Конечно, эту резкую отповедь критикам античной философии можно считать реакционным выступлением в рамках Контрреформации. Однако сам подход Рапена представляется довольно любопытным. Хочет он того или нет, но он пишет как автор Нового времени, и, несмотря на всю свою приверженность античной философской традиции, сам он оказывается одним из «новых» авторов, способных написать пусть не «всеобщую», но достаточно структурированную и критическую историю философии. Конечно, сочинения Рапена представляют собой смесь исторических сведений и его вольных оценок творчества древних и современных ему философов, и тем не менее, это уже не собрание анекдотов в духе Диогена Лаэртского, а настоящая история философии.

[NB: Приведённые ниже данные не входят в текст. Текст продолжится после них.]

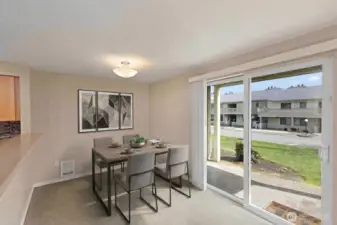 Dining area: private patio and storage unit located to the left of the patio. *Room is digitally staged to give you design inspiration!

Кальвинист Пьер де Виллеманди (1636–1703), которого высоко ценил П. Бейль, был замечательным историком философии, хотя зачастую преследовал цели не столько научные, сколько апологетические. Этот автор выделил в истории философии три периода: «нарождающаяся философия» (от Каина до «варварских» философий и «школы друидов»), «юная философия» (от античных законодателей до греческих и христианских мыслителей) и, наконец, «зрелая философия». В свою очередь, второй период разделяется на три малых периода: «героический» (начинающийся с древних законодателей, занимавшихся, согласно Виллеманди, алхимией, астрологией, натуральной магией и т. п.), «мифический» («баснословный» или «поэтический») и, наконец, «философский», когда возникает множество школ. Эти школы подразделяются на три общие группы: догматические (перипатетики и стоики), акаталептические (Аркезилай и академики) и скептические (пирронисты). Эту схему Виллеманди заимствует у Секста Эмпирика, у которого ее взял Гассенди (Виллеманди ссылается на обоих). К тому же, в географическом отношении он считает возможным говорить об ионийской и италийской школах.

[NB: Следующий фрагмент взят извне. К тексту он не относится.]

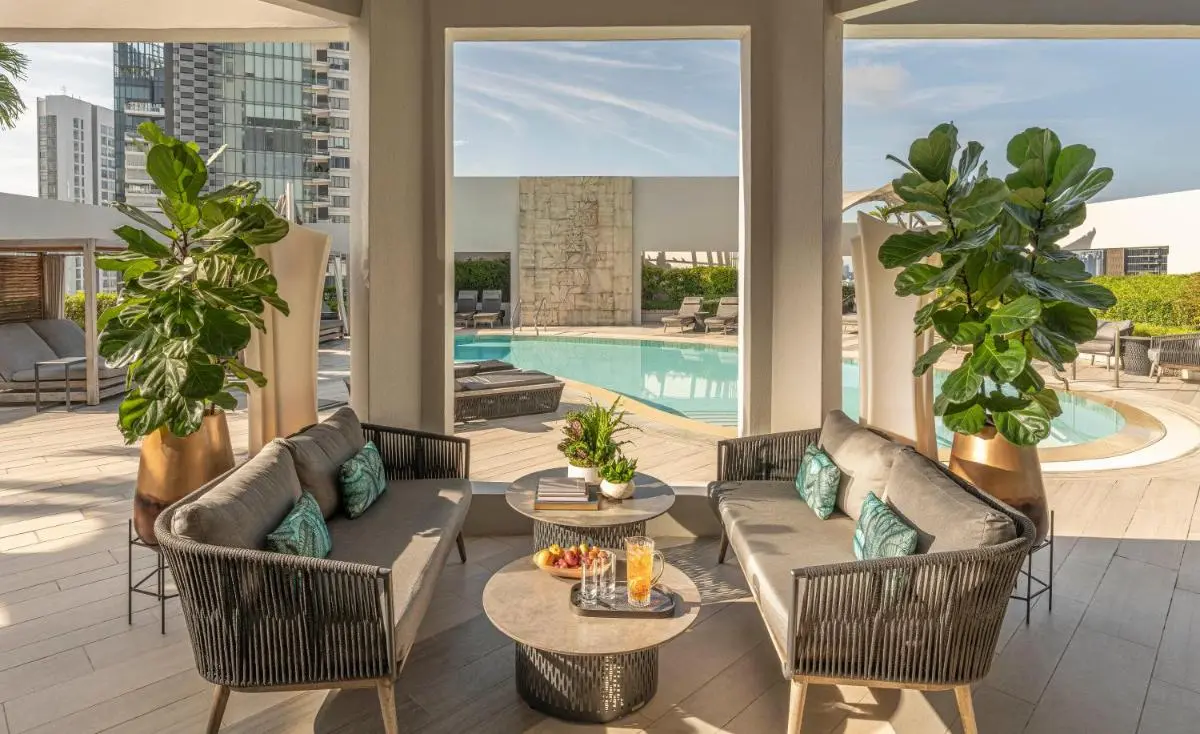 Outdoor Pool Area with Lounge Seating and Shaded Cabanas in Orchard Singapore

«Современный» период в истории философии начинается с Аверроэса и в значительной мере отмечен развитием аристотелизма. Здесь Виллеманди выделяет три «догматические» философии, между которыми приходится делать выбор его времени: аристотелизм, эпикурейство и картезианство. Сам он терминологически и, быть может, методически ближе всего к картезианству, однако он не делает осознанного выбора в пользу этой доктрины. Он сравнивает все три «школы» и их основателей, стараясь относиться к ним непредвзято, а сам в конце концов склоняется к некому эклектизму: «Рассматривая эти основания и прочие того же рода, нам надлежит, таким образом, обращаться как к древним, так и к новым школам, собирая от каждой из них цветы, чтобы сплести благоуханный венок философии. Таков в общем и будет наш способ философствовать»[310]
. Эклектизм у Виллеманди также оказывается «школой», основателем которой он по традиции считает Потамона Александрийского.